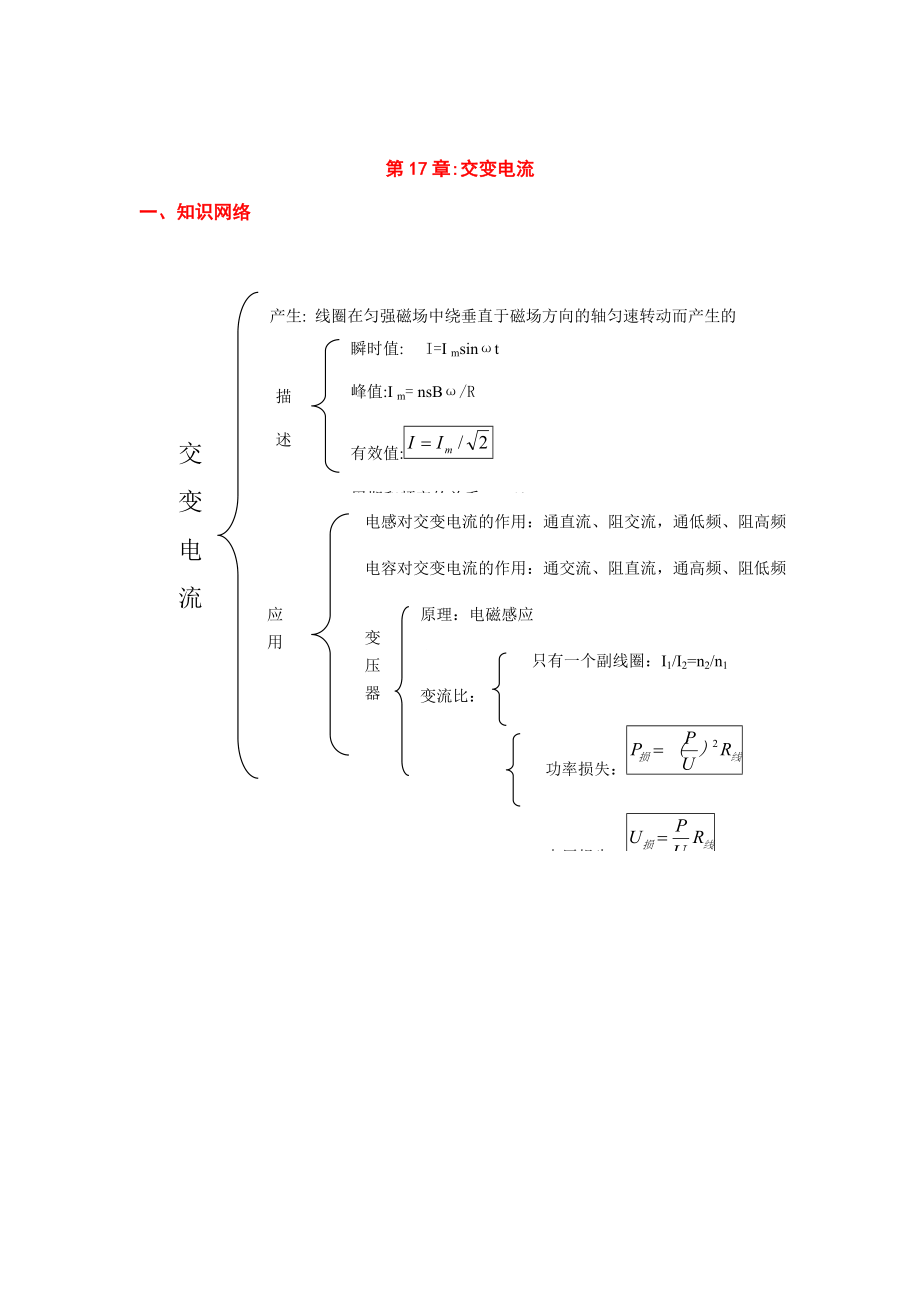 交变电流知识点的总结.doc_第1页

==

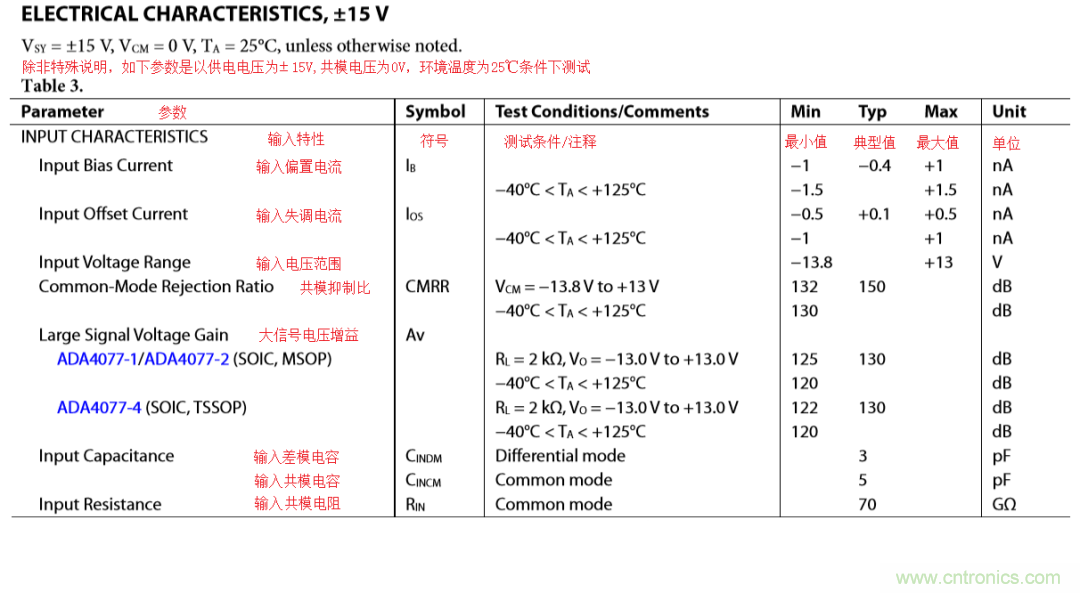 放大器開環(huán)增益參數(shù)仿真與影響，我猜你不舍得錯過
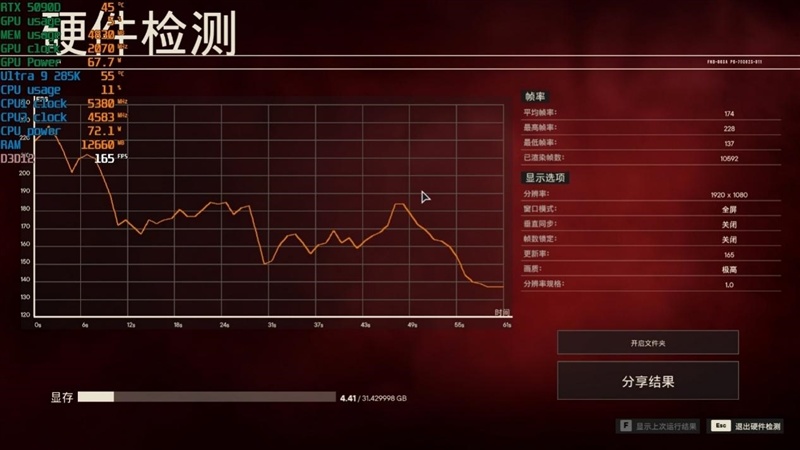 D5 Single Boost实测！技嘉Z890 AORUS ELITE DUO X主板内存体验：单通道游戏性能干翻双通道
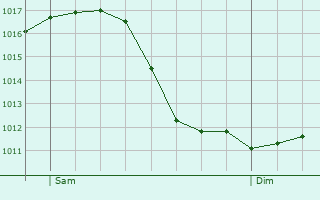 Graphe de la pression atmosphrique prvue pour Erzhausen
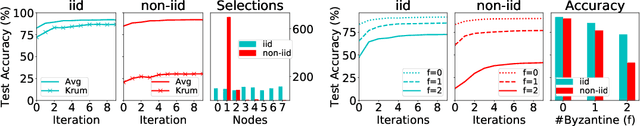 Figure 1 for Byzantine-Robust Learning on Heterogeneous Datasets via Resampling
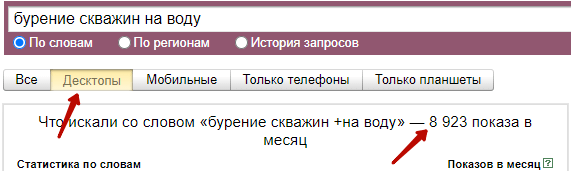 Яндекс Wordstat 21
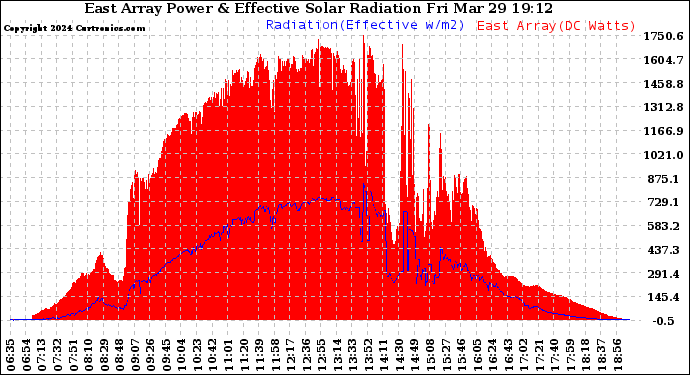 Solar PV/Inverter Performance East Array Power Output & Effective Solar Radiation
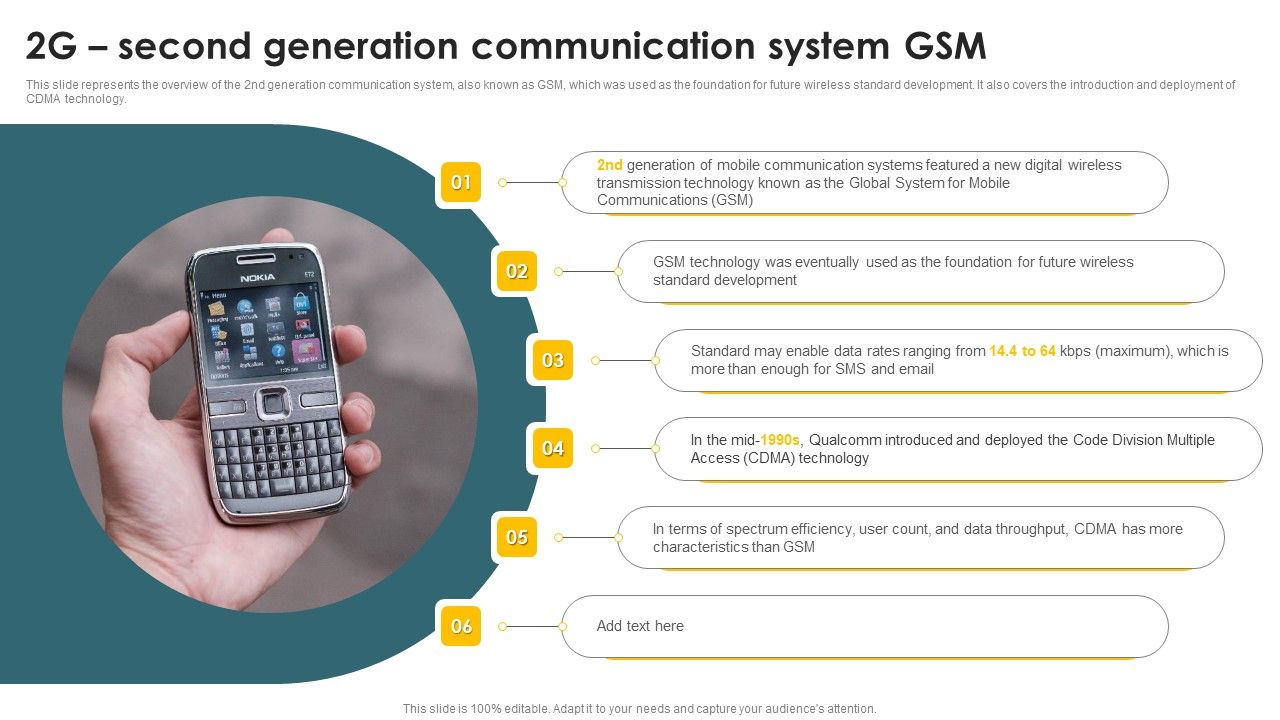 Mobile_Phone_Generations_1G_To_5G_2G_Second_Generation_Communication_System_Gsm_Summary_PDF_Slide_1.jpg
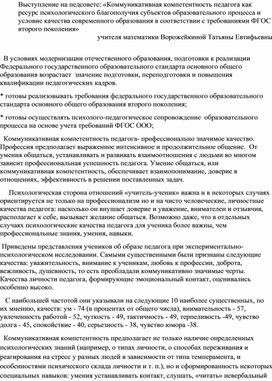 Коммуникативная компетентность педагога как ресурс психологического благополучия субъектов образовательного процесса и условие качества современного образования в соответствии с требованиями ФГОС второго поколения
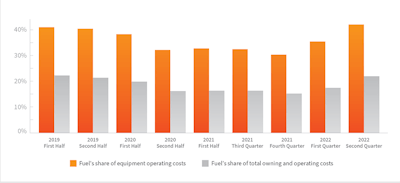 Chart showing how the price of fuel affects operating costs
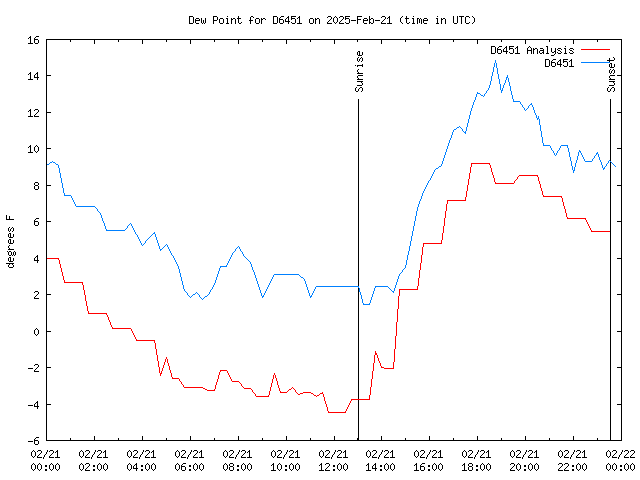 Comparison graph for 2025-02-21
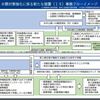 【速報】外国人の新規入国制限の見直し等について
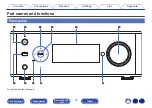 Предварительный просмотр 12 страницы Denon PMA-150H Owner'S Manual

---

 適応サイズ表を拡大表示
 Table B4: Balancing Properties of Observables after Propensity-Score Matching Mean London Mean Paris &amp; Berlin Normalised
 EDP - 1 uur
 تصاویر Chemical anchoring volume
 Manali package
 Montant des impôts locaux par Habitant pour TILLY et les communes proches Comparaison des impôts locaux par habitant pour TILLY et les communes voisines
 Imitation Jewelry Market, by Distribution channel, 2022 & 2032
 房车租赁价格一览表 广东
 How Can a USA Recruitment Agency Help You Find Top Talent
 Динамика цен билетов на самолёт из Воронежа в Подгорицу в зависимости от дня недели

[What you should do]:
Retype, exactly and in full, the lines above from the one containing "تصاویر Chemical anchoring volume" through the one containing "Динамика цен билетов".

[Your solution]:
 تصاویر Chemical anchoring volume
 Manali package
 Montant des impôts locaux par Habitant pour TILLY et les communes proches Comparaison des impôts locaux par habitant pour TILLY et les communes voisines
 Imitation Jewelry Market, by Distribution channel, 2022 & 2032
 房车租赁价格一览表 广东
 How Can a USA Recruitment Agency Help You Find Top Talent
 Динамика цен билетов на самолёт из Воронежа в Подгорицу в зависимости от дня недели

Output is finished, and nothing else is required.